The setting of the story "The Doll's House" is very influential to the plot. The story is set in New Zealand during the early 1920s, when the country was still a British colony. As such, the traditional British dynamics would be expected to resonate in New Zealand society, where there was also a huge gap between the rich and the poor, and where rules applied to the upper and lower classes differently. In other words, New Zealand, as a British colony, also had the same classicist society as England.
This setting would explain why the Burnell sisters, and their peers in school, were so aware of how different the Kelvey girls were. In fact, they were aware of everything about the Kelveys, from what their mother did for a living, to who their father could be. This shows how typical it was for the rich to look down on the poor at that time and place. It also explains Aunt Beryl's horrid treatment of the Kelvey girls, who are literally treated like vermin.
The setting is also the reason the Kelveys and the Burnells are coexisting in the same school.

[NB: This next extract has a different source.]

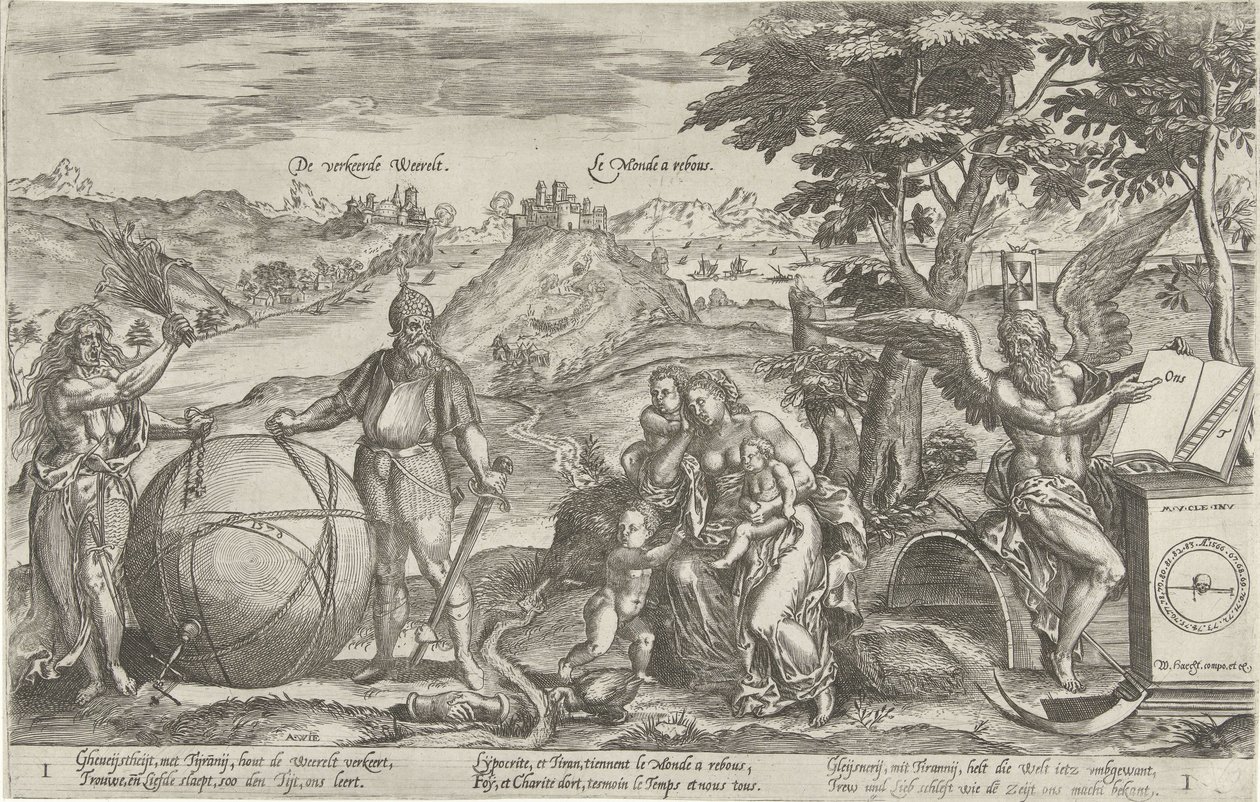 Niewłaściwy świat, 1579 Niewłaściwy Weerelt / Le Monde a rebous (tytuł na obiekcie) Alegorie sytuacji politycznej w Holandii w latach 1576-1579 (tytuł serii) autorstwa Antonie Wierix (II)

The fact that they live out in the country means that there is only one school for everyone to attend.
...the school the Burnell children went to was not at all the kind of place their parents would have chosen[...] It was the only school for miles. [...] all the children in the neighborhood, the judge's little girls, the doctor's daughters, the store-keeper's children, the milkman's, were forced to mix together.
Had the setting been in the city, chances are that the Burnells would have attended a school for the upper classes while the Kelveys would not have been seen near such a place. Hence, the particular setting in the countryside, as well as in New Zealand in the 1920s, are important backdrops for the plot to unfold.